Use cases: where disaggregation pays off
- KV-cache offload for long-context inference. The KV-cache grows linearly with sequence length and dominates HBM at long context (see the LLM KV-Cache Management page). Cold blocks for large or paused sessions spill to host/CXL/remote and are fetched back per layer during attention. Because KV access is append-mostly and read in order, it prefetches beautifully — letting a fixed HBM budget hold many more concurrent long-context sessions.
-
Optimizer-state offload in training. Adam keeps
first/second moments plus an FP32 master copy — roughly
2×the parameter bytes — that are only touched once per step in the optimizer phase. Parking them in CPU/CXL memory (ZeRO-Offload/Infinity) frees enormous HBM and lets a small GPU count train a model that would otherwise never fit, since the states stream in only when needed. - Large-embedding serving. Recommendation and retrieval models carry embedding tables of hundreds of gigabytes to terabytes. The pool holds the full table while HBM caches the hot rows; sparse gathers hit cache for popular IDs and fall through to the fabric for the long tail.

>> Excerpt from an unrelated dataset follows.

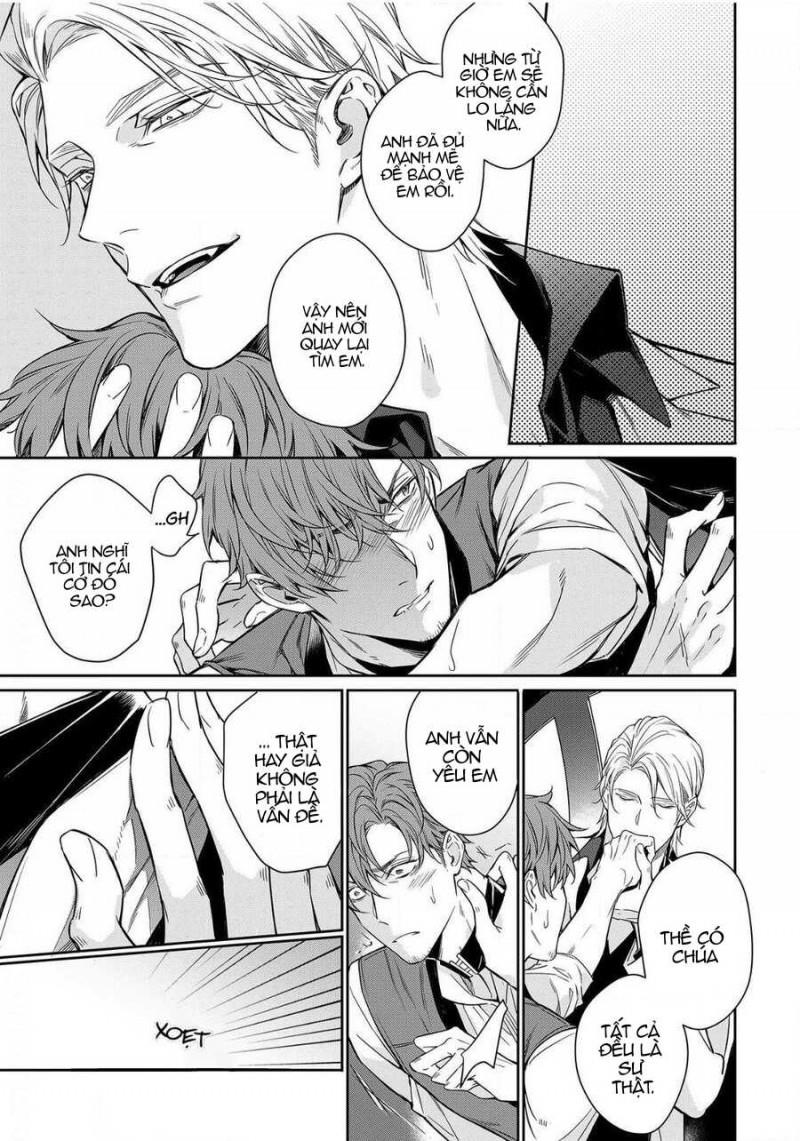 tạm biệt định mệnh chapter 3 13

- MoE expert offload. Mixture-of-Experts activates only a few experts per token, so inactive experts can live in pooled memory and be streamed in on selection, trading a fetch for a large HBM saving.

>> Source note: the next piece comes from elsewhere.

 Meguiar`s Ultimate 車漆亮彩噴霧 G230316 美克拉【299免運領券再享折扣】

| Disaggregation helps when… | …and hurts when |
|---|---|
| Access is predictable / prefetchable (layer sweeps, ordered KV) | Access is random & data-dependent (sparse gather, pointer chase) |
| Reuse is low — data is touched once per step or session | Reuse is high & tight — hot data thrashes across the fabric |
| Workload is capacity-bound and latency-tolerant (training, batch, long-context) | Latency-critical small-batch decode where every µs is on the critical path |
| Transfers overlap abundant compute | Steady state is already bandwidth-bound — no slack to hide movement |
Bottlenecks & scaling
| Bottleneck | Why it bites | Mitigation |
|---|---|---|
| Latency gap | HBM answers in ~100s ns, the pool in µs — a 10×–1000× gap that stalls SMs on any uncovered access | Prefetch ahead of use; overlap with compute; keep the working set resident; prefer CXL/C2C over RDMA for hot tiers |
| Interconnect bandwidth | PCIe/CXL/NIC links move tens of GB/s versus HBM's TB/s — a 50–100× cliff that caps sustained streaming | Move less data (good hot/cold split); compress/quantize; wider links (NVLink-C2C); stream in parallel with compute |
| Coherence overhead | Cache-coherent fabrics (CXL) pay snoop/directory traffic; shared pages across hosts add invalidation cost | Partition ownership; prefer read-mostly sharing; coarse-grained coherence; pin private hot data |
| Prefetch accuracy | A wrong prediction wastes bandwidth and still stalls on the real miss; irregular access defeats the predictor | Exploit known patterns (layer order, sequential KV); lookahead windows; fall back to demand-fetch gracefully |
| Cost & utilization | A pool only pays off if it is cheaper per GB and well utilized; idle pool capacity is just relocated stranding | Dynamic pooling/allocation across hosts; oversubscription with isolation; tier cold data to NVMe |
| Fault & tail domain | A pool node or link failure now affects many tenants; µs tiers add tail latency under contention | Replication/erasure for durable pools; bandwidth isolation/QoS; blast-radius limits; checkpoint critical state |
Summary
Disaggregated memory turns HBM from a hard per-package ceiling into the top tier of a managed hierarchy. Keep the hot working set in HBM, extend it with host DRAM, CXL pools, and RDMA far-memory, and let a virtual-memory-style manager classify hot/cold, prefetch along predictable access streams, and overlap every transfer with compute. The win is real — terabyte pools, reclaimed stranded capacity, and models that no longer have to fit one GPU — but it is bounded by a single hard constant: the latency gap between nanoseconds and microseconds. Pick the tier that matches the access pattern (CXL for transparent low-latency expansion, RDMA for elastic capacity, host offload for cheap bulk), exploit the regularity of ML access to hide that gap, and disaggregation buys capacity and utilization at a fraction of the cost of adding GPUs — fail to hide it, and the pool becomes a stall machine.